採決があった11月20日月曜日は、職場でつけているテレビに目が離せなくなり、帰るに帰れない状況となってしまい、深夜まで帰宅できませんでした。ま、雨が土砂降りだったってことも大きな理由ですが。
しかし、結果は、みなさんご存じの通り、腰砕けの肩すかしのおおボケの尻切れトンボでした。
まったく、もう。がっかり。

当然、この結末に対して、反自民党で凝り固まっている無責任バカ新聞どもは落胆の色を隠せず、可愛さ余って憎さ百倍とばかり、加藤紘一に対してボロクソに書きまくっています。でも、ちょっとおかしいぞ。
「政治家の発する言葉への信頼性を大きく損ねてしまった」とか書いているけど、普段から政治家の言葉なんて100%信用してないと言い切っているバカ新聞が、こういう時だけ都合の良い事を言う。いったい誰が政治家の言葉なんか信頼してるんじゃい。国民は最初から信頼なんかしてないぞ。
「不信任案に賛成すると言い切ったのは国民との約束であるから、一人ででも本会議に出て賛成票を投じるべきだった」と書いているが、別に国民に約束してくれた訳でもなんでもないし、一人で出席して賛成票を投じたら、それこそ一人だけ除名になって政治家として抹殺されてしまう。まあ、無責任バカ新聞としてはそれでもいいかもしれないけど、それよりは、まだ自民党に残って、ほんの少しはあるかもしれない次の機会での行動に期待してもいいのではないか?
さらに「自分の派閥さえ掌握できずに最後は我が身かわいさの敵前逃亡に堕した」とも書いているが、普段から派閥政治には批判ばかりカマしている癖に、これまたコロッと変わっている。しかも、出ても絶対に負けが分かっていれば、いったん引き下がるのは、勇気ある行動とまでは言わなくても、それほど批判されるべきとも思えない。玉砕を崇拝するバカ新聞の姿勢は、まるで太平洋戦争時に特攻隊を礼賛した大政翼賛会的報道のあり方ですな。
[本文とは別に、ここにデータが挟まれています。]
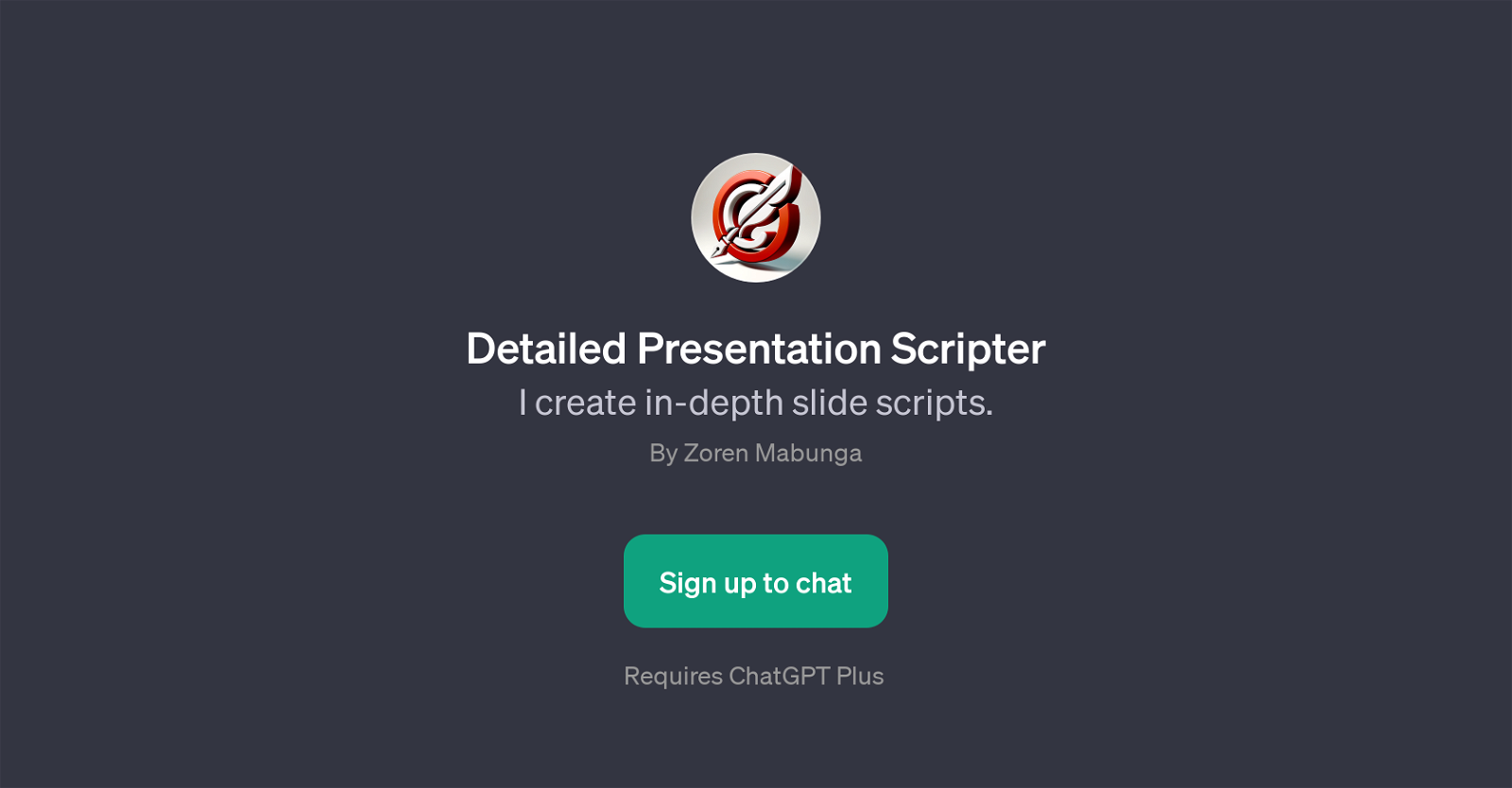 Detailed Presentation Scripter website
また、バカ新聞は自分達のガッカリ感を誇張するために、市民の声も掲載している。
「思いっきり肩すかしを感じた」っていうのは、これはみんなそう思うだろうな。
でも「最後に撤回するくらいなら、最初から何もしない方が良かった」なんていう人もいるけど、これは単に自分の期待が裏切られたからヒステリーになっているだけで、何もないよりはマシだったと思う。つまり、政権がひっくり返る可能性もある、ってことが分かったし、森バカの力がますます失墜して、政権が変わる可能性も高くなったし、少しは意義があったと思う。
それから「茶番劇にあきれ果てた」っていうのは、ちょっと違う。茶番劇なら、最初からやらないよ。だって得した人は誰も居ないんだもの。加藤紘一は大きく力を失ったし、森のバカも情けない極地だし。(ま、この森バカは、既にこれ以上落ちるとこの無いくらい落ちてますし、それを感じ取る神経もない鈍牛だけど) 野党にしたって、自民党の党内抗争に振り回されてバカを見ただけだし。つまり誰も得していない。みんな損してる。だから、これは茶番劇ではない。こななシナリオを書く人はいない。要は、加藤紘一が読みを誤ったってことです。

確かに加藤紘一の行動はタイミング的には最良ではなかった。加藤派の重鎮でありながら、反対に回った宮沢ボケじいさんがいみじくも語ったように「補正予算を目前にして、また重要法案が目白押しの中、なぜこのタイミングでそういう反乱を起こすのか?もう少し待てば自然に政権の座も回ってくるのに」というのは正論です。タイミングとしては、確かに悪い。僕も個人的には、極悪非道の若造どもを懲らしめる少年法改正案などの重要法案が廃案になるのは悲しい。
しかし、そういう事は、大事ではあるけど、もっと大事なこともある。森バカ政権を倒す。そのためなら、多少の犠牲は構わんではないか。とも思う。このあたり、宮沢のボケじいさんは、まあ大蔵大臣とかなら務まるのかもしれんけど、政治家の器では無いわな。しょせんは役人あがりやね。政治家は、そういう事務的な事よりも、もっと重要な政治の流れを考えないと。やる時にはやらねばならんのだ。
そもそも、一体なぜ森のバカが10%台の支持率しか得られないのか。頭が極端に悪いから失言は多いけど、一つ一つは、それほど決定的でもない。神の国発言にしたって、何も、軍国主義化を狙った陰謀的発言ではなくて、なーんにも考えてないから、単に神主さんたちにリップサービスしただけ。本当に頭が軽い。て言うか、完全にカラッポ。そのバカさ加減に愛想が尽きるのと、そういうバカをドサクサに紛れて勝手に選んだ自民党の実力者達へ嫌気がさすんだなあ。
だからバカ新聞を始め、野党に期待する向きもあるけど、現実にはなかなか難しい。そもそも既に森がバカぶりを発揮していた春の総選挙で自民党が政権を維持したって事自体からして、なかなか野党だけでは力不足。そこへ加藤紘一が突然、声を上げたのだから、大いに期待できたのだ。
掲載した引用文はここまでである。